Cayuga Indian Nation Seeks Court Order

Wants to resume selling cigarettes in Seneca, Cayuga counties

SYRACUSE, N.Y. -- It's back to court for the Cayuga Indian Nation in its long-running tax feud with Cayuga and Seneca counties in New York, reported The Post-Standard. Today, the Cayugas will seek a court order that would allow them to resume peddling tax-free cigarettes at their convenience stores in Union Springs and the town of Seneca Falls.

The nation was forced to stop selling cigarettes November 25 after sheriff's deputies in both counties seized all of their 17,600 cartons of smokes for not paying some $485,000 in state excise taxes on them, said the report.[image-nocss]

The Cayugas plan to ask state Supreme Court Judge Kenneth Fisher, of Monroe County, for an injunction on grounds that last week's searches were illegal and that the counties are trying to enforce a law that is not in effect, Daniel French, a nation lawyer, said Monday.

The counties say otherwise, according to the report. They will argue that the Cayugas' LakeSide Trading stores are not on sovereign, tax-free reservation land and that it is illegal to possess and sell unstamped cigarettes on nonreservation land, Seneca County District Attorney Richard Swinehart said.

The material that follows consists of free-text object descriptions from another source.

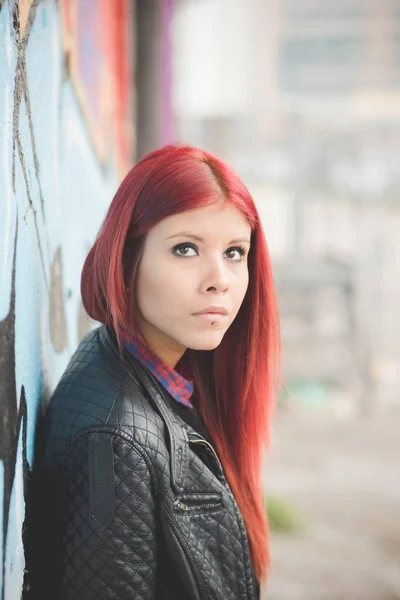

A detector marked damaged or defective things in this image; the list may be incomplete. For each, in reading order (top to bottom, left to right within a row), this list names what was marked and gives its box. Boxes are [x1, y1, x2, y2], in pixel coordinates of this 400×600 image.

cracked wall surface [0, 2, 134, 596]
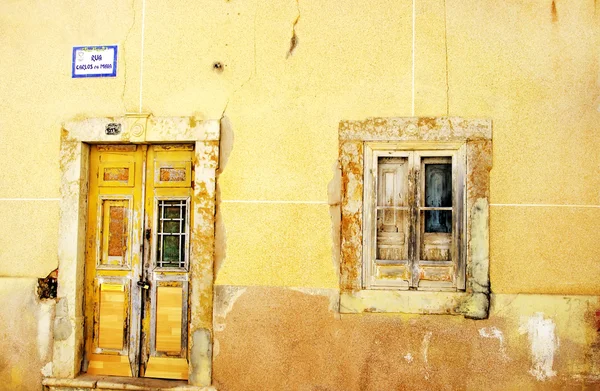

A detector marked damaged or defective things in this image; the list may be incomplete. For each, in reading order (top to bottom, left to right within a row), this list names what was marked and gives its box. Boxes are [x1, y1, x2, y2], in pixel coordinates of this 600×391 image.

peeling paint [516, 314, 560, 382]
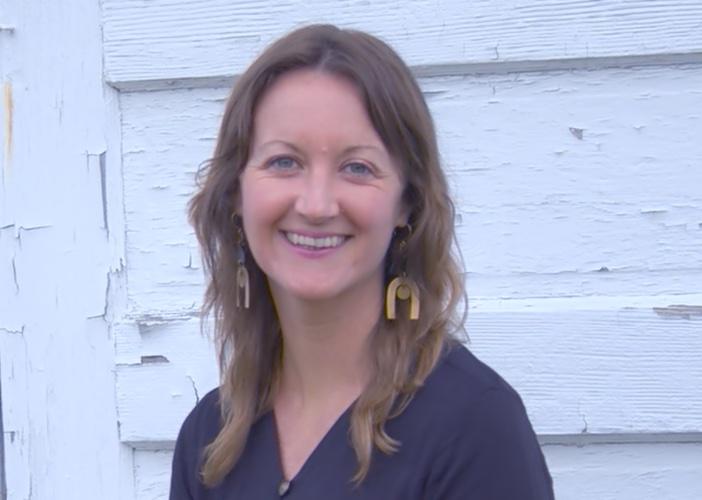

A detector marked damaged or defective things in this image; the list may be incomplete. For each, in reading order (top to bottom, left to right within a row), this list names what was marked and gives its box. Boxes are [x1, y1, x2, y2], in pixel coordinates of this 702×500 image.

peeling paint [656, 304, 702, 320]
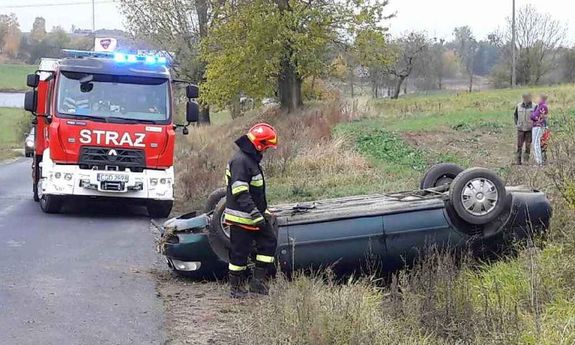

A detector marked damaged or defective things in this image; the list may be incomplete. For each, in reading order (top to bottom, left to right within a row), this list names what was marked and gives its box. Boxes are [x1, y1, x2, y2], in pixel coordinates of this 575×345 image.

overturned car [156, 164, 548, 276]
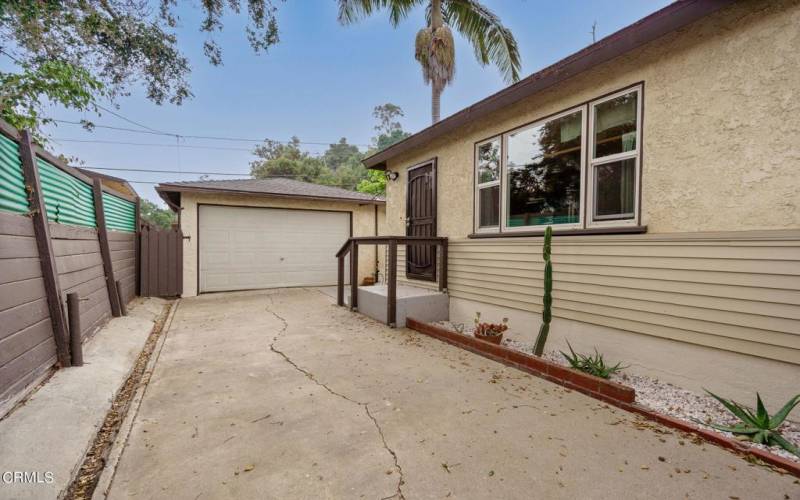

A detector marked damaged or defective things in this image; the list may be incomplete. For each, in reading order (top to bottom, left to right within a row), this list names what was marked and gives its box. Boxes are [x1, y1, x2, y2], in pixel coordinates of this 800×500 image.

crack in concrete [266, 292, 406, 500]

"We say we have the right to do it; they say we don't. The judge will decide; that's the bottom line," Swinehart told the newspaper.

Both counties have been trying for about three years to force the Cayugas to pay taxes on sales of cigarettes and gasoline at their c-stores, the report said.

The excise tax on the confiscated cigarettes amounts to $27.50 per carton but does not include sales tax.

The counties say the Cayugas are driving competitors out of business because the nation can sell their goods at lower, tax-free prices. "There's no exemption for them not to pay the tax. They're simply evading paying millions of dollars of taxes," Cayuga County District Attorney Jon Budelmann told the paper.

The Cayugas own many properties, including the two c-stores, in their ancestral homeland around the north end of Cayuga Lake. Their application to have the stores and other properties put into federal trust which would make them sovereign and tax-free forever is pending before the federal government, said the report.